Day 3. The Colour changing Quill

The sales training ended last August 25, 2011 and it ended with a BANG. Ha-ha. I just meant to say we were all CERTIFIED.

So who's on fire? QUEZON. (Pronounced as KEYZON)
Teeeheee.

It was a great privilege for me to be able to undergo such kind of training coz it's my first job and i am still on newbie training. I know i still have to learn a lot of things but with what they have provided me i know it'll be easier for me to adjust. Hmmm, i am wondering how are you doing at your work.

It's weekend. August 27, 2011. And i woke up this morning with a very vivid dream in my head.
I dreamt of you. It was not just you but Gav was there too. I could not actually remember how the dream started and even it's flow all i can remember were scenes from it.

In my dream i got to feel your warmth again that it felt so real. It felt like i was holding you.

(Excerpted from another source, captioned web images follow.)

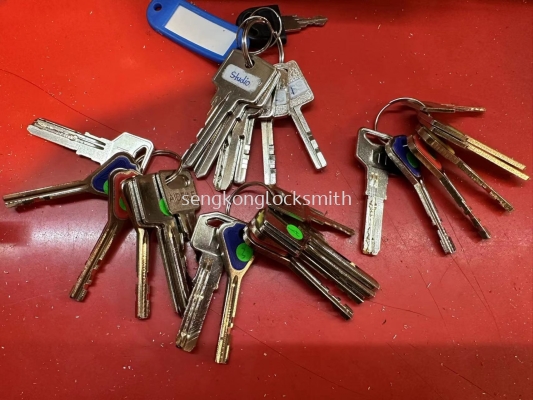 Professional locksmith duplicating keys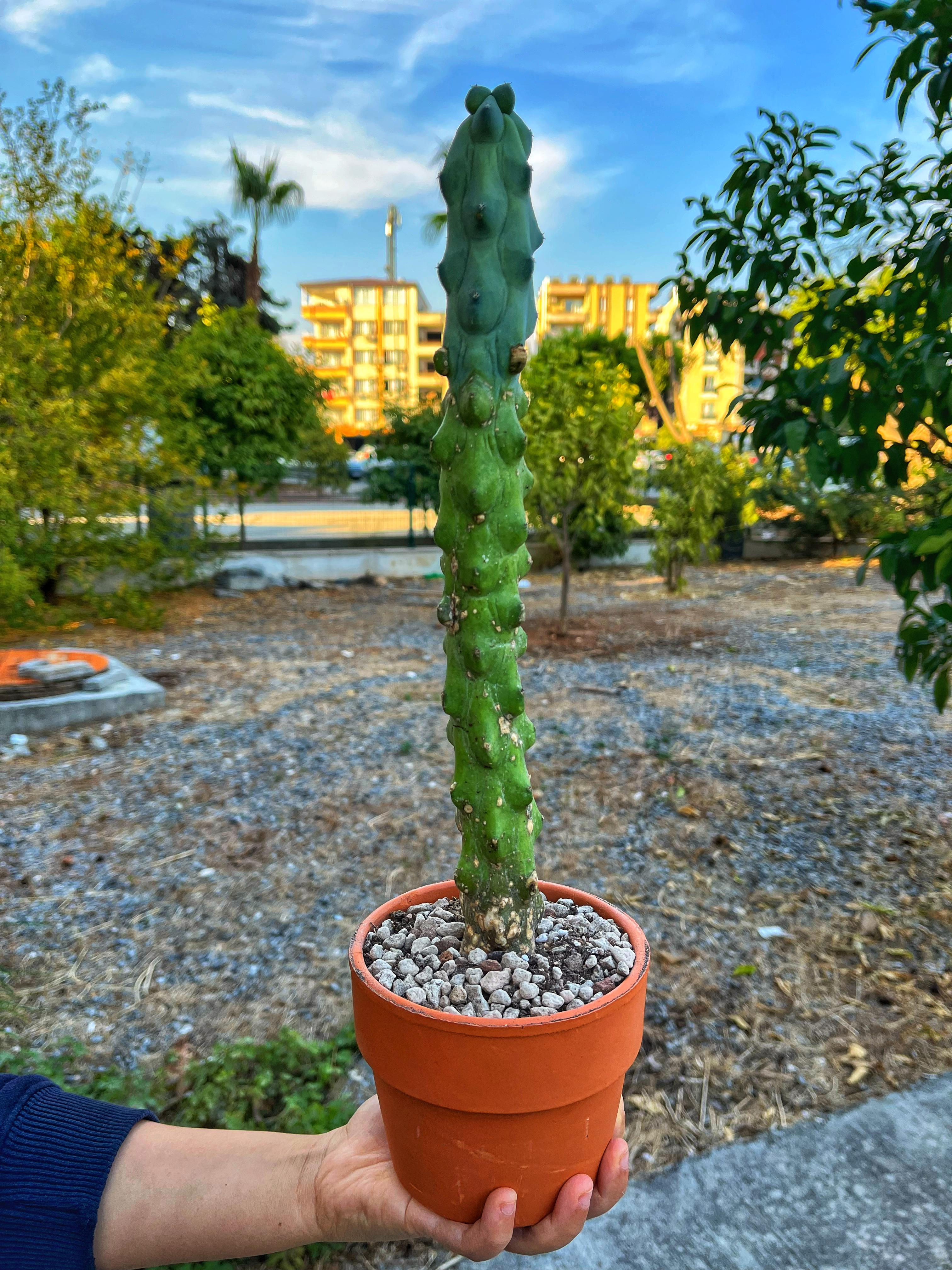 Myrtillocactus Geometrizans Fukurokuryuzinboku - 12 CM Terracotta Saksılı
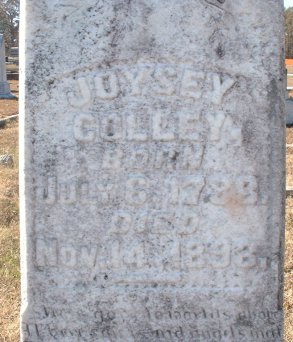 Joysey Colley
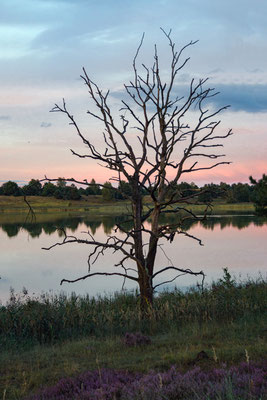 Abendstimmung in der Kleinen Schorfheide (Foto: Heidrun Lorenz).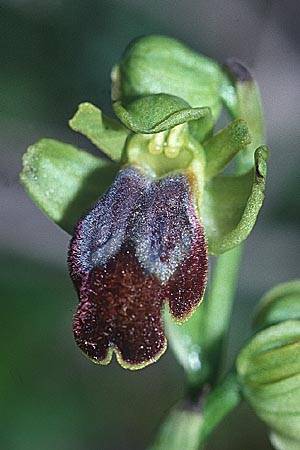 Ophrys caesiella \ Blaugraue Ragwurz, Sizilien,  Mineo 10.3.2002 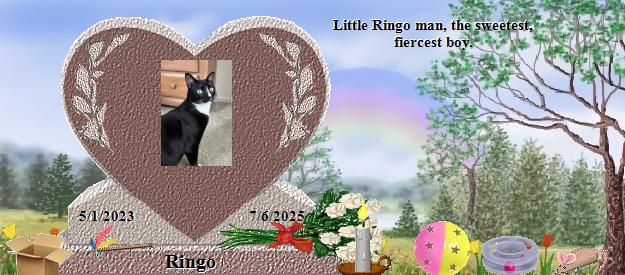Ringo's Rainbow Bridge Pet Loss Memorial Residency Image
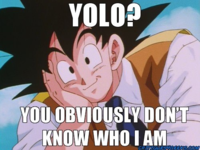 YOLO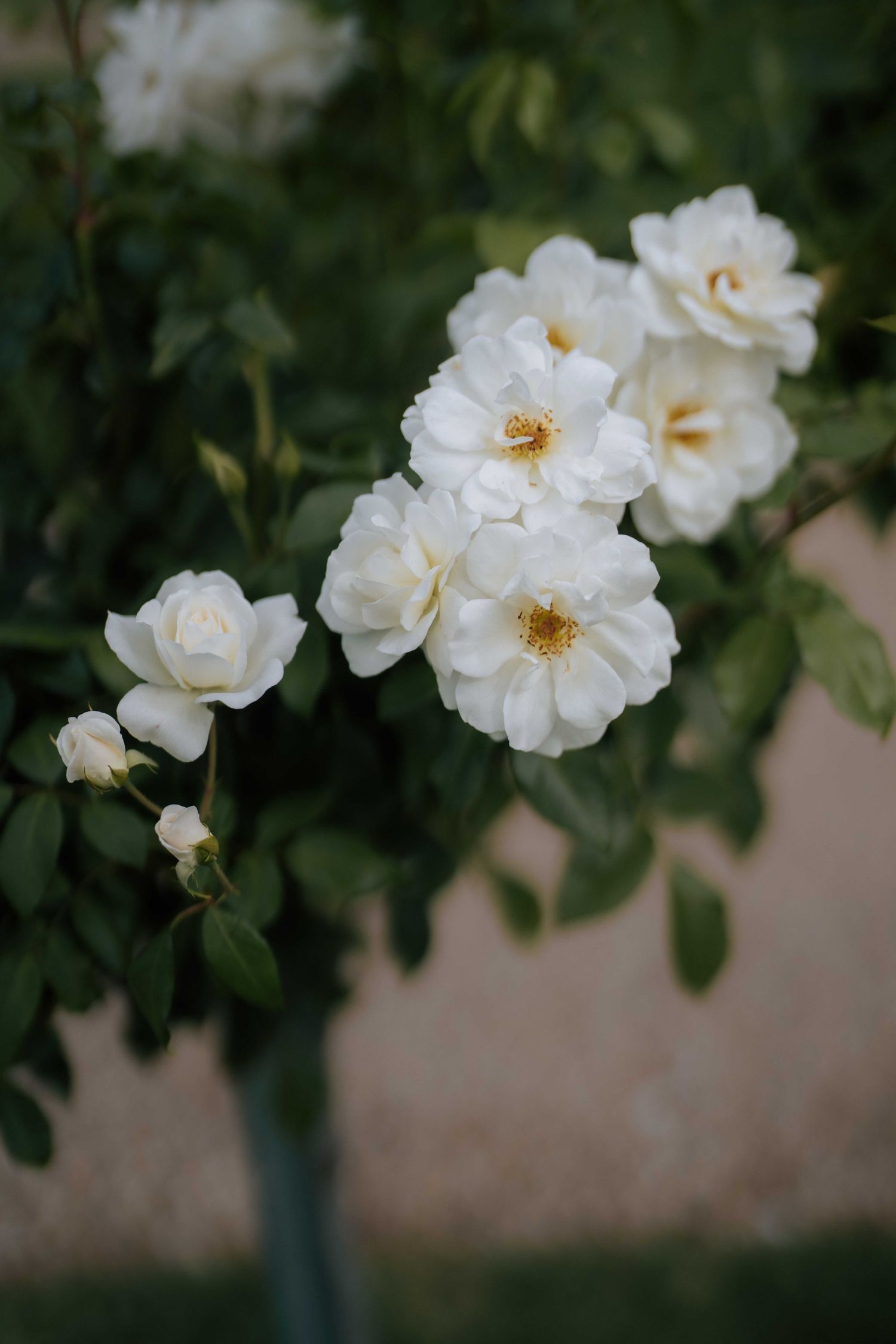 Cluster of white garden roses in full bloom with green leaves against a soft background.
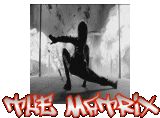 -< The Matrix >-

You were again trying to sleep leaning on my lap as i put my arms around you just like how we were during the final coaching. And it felt real. Although i wish it was real. Also, i got to hold your face again, just like those days. I was surprised to see Gav though. You know how much i want to meet your nephew. And you know how much i love him even though i haven't seen him yet. Funny part in my dream was that he can already talk. And he was like talking to me and just couldn't stop laughing. He's so adorable, he just kept on repeating the words i say. But the real thing that he said which really made me happy is "Ate Nat". Ha-ha.  It's actually funny in my dream how he's talking to me. He's comfortable with me. I even got the chance to carry him around. Which i really wanna do in real life.

But then just like anyother dream it ends, no matter how great and beautiful they are. They're dreams and they show you the desires of your heart. It speaks in dreams.

One last thing...

In my dream, you're not back. You just did those things i mentioned above. But then i gave you one last hug and i am aware in my dream that we're no longer together. That might have been the reason why i didn't cry when i woke up.

Although the feeling stung me again.

You're still wearing that picture.
for a week now.
and at the back of my head i am wondering why.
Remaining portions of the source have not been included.